In this definition series, I’m taking a grief-related word and giving it a bit of a ‘glow up’. This is borne from my frustration at how limited our language is around grief. While I can’t create new words (‘griefy’ is as far as I’ve got!), I can review and reflect on the few that already exist (and try and update their definitions where possible).
This piece is rated Feeling Griefy on the Go. You can read this scrolling on your phone waiting for the bus. Or while the kettle boils for a mid-afternoon tea. It’s the most digestible of nibbles. A salted griefy peanut.
‘Sorrowing’ might just be the prettiest grief related word I know.

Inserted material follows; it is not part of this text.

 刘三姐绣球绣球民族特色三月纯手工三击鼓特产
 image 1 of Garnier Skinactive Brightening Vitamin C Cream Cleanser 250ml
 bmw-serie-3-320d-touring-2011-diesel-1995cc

It makes me think of sparrows, sorrel and sowing seeds. Gentle words and soft sounds.
Sorrow is a feeling of great sadness. Sorrowing is to be experiencing the great sadness. A classic case of adding ‘ing’. So classic you could almost think it’s made up. And actually, if you say it out loud a few too many times it does sound complete gobbledygook.
While there are a few other members of the sorrow family (sorrowful, sorrowfully, and sorrowed), sorrowing remains a firm favourite. I think because the ‘ing’ makes it an action word. A process of doing. And while grief can feel passive – effortless even - it has a lot of ‘doing’ associated with it too. A lot of missing, and thinking, and dreaming and sorrowing.

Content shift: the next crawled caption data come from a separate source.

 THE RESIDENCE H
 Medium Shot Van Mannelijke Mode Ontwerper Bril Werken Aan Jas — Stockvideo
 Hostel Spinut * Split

I carry a pocket of sorrow around with me always. It’s a sorry fact. A sorrowful fact. The most sorrowed, sorrowful fact. But like anything in your pocket (will this analogy work!?) I don’t always notice it’s there (hmm). In other words, it’s not as dramatic as it sounds - I promise!
P.s I mostly know the pre-ing word through a great book I read a few years ago called ‘Sorrow and Bliss’ by Meg Mason (and recommend!).